* Provided information
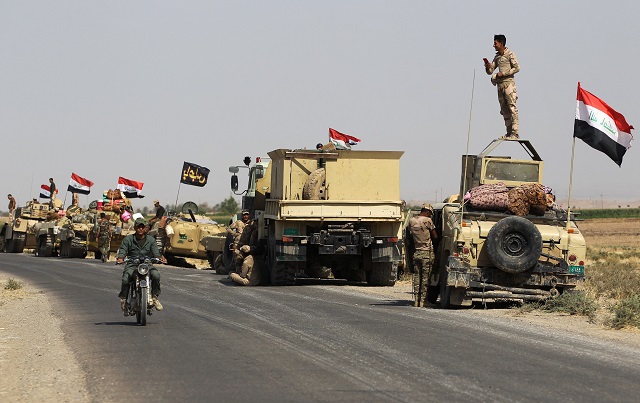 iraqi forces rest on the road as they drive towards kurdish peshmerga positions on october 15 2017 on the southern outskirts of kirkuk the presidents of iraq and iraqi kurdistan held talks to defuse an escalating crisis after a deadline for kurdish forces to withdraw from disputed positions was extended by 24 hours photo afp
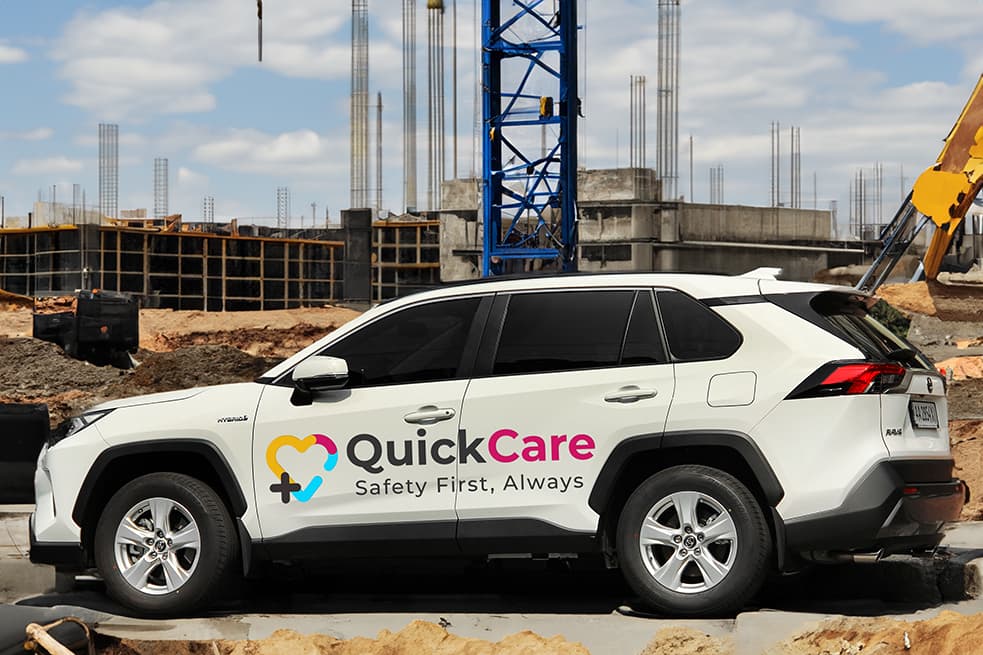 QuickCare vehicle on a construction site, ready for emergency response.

* * *

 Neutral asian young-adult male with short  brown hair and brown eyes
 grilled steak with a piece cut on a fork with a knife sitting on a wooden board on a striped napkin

==

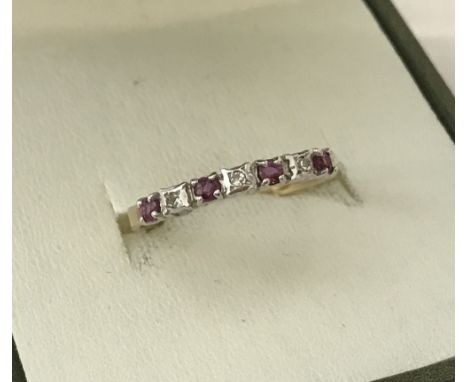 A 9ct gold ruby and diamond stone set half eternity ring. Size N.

* What the exercise asks
Beginning at the line above that contains "iraqi forces rest", repeat each line exactly through the one that contains "QuickCare vehicle on", and leave out the pictures.

* Output of the task
 iraqi forces rest on the road as they drive towards kurdish peshmerga positions on october 15 2017 on the southern outskirts of kirkuk the presidents of iraq and iraqi kurdistan held talks to defuse an escalating crisis after a deadline for kurdish forces to withdraw from disputed positions was extended by 24 hours photo afp
 QuickCare vehicle on a construction site, ready for emergency response.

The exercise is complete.